Work to be completed:
For the listing below, work out the number of lines that hold "Photo" and return that number alone.

The input:
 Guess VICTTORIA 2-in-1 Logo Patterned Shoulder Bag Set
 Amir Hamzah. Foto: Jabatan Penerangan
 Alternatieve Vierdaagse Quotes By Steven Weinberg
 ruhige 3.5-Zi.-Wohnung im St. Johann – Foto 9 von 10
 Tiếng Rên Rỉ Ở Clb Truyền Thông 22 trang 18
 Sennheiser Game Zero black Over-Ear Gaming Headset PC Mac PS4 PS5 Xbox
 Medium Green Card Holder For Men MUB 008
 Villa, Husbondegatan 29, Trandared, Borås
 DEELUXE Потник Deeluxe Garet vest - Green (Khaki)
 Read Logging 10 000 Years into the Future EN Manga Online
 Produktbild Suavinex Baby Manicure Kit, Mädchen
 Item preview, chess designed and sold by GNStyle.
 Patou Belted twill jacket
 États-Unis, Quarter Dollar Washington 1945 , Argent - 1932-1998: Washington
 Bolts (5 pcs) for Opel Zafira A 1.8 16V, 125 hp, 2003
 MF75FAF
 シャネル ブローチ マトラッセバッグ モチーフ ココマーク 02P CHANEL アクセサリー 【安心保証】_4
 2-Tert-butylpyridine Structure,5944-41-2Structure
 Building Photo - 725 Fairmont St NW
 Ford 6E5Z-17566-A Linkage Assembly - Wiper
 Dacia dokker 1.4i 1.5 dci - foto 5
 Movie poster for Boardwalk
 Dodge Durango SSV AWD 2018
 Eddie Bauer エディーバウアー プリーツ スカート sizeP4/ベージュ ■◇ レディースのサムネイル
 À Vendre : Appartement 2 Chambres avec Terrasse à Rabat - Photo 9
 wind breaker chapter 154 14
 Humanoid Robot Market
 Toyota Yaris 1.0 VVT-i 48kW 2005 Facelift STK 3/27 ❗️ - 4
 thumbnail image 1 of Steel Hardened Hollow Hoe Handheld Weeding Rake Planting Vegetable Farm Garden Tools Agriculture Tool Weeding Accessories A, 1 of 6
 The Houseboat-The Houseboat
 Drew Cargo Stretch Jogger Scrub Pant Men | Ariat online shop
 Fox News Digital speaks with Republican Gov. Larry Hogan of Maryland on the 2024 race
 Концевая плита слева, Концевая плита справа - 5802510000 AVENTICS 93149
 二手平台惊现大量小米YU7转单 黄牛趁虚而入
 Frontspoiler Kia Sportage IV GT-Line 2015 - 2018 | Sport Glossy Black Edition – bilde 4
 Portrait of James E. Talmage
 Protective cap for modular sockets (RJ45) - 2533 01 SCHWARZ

Written answer:
2